This discussion started here ( https://github.com/OpenNMT/OpenNMT-py/issues/1418 ) but belongs in the forum.
I’m pretty new to pytorch, so I’d like to understand what work would be involved to implement the feature of freezing the encoder side of a trained transformer, and just continuing training on the decoder side. Also, does anyone know of a paper where this has been done successfully? The goal is to “fine-tune” a trained model on a new dataset, sort of an analogue of what’s done with pretraining on ImageNet.
In any case, it was mentioned in the issue above that one would need to “implement a detach_state() function in the encoder in the same way as it is for the decoder (used in the case of bptt)”
When I looked into pytorch weight-freezing I saw that building a model with requires_grad=False would have the effect of preventing gradients from being computed. As a pytorch noob I don’t know why one would need to use “detach” instead.

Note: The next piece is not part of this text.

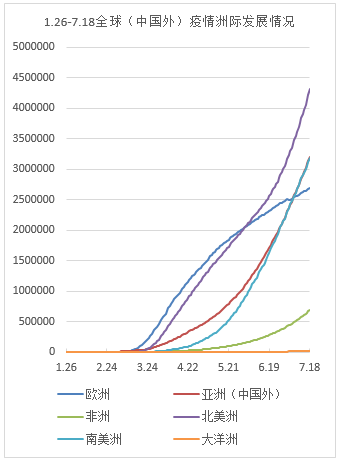 腾讯内容开放平台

Can someone help explain why requires_grad=False doesn’t do the job here, and what this “detatch” thing is doing? I read that requires_grad=False should use less compute, so it sounds preferable; we don’t want the gradients at all if we’re only training the decoder.
Furthermore, to be clear I’m assuming we can do this:
- Train a transformer model, save weights to disk
- Create a new transformer model with the same architecture, except that the encoder parts are frozen somehow
- Load the weights for this model from disk (saved in step 1) and train on a new dataset.
Can someone help correct any of my misconceptions here so I can understand how to implement the weight-freezing correctly? Thanks!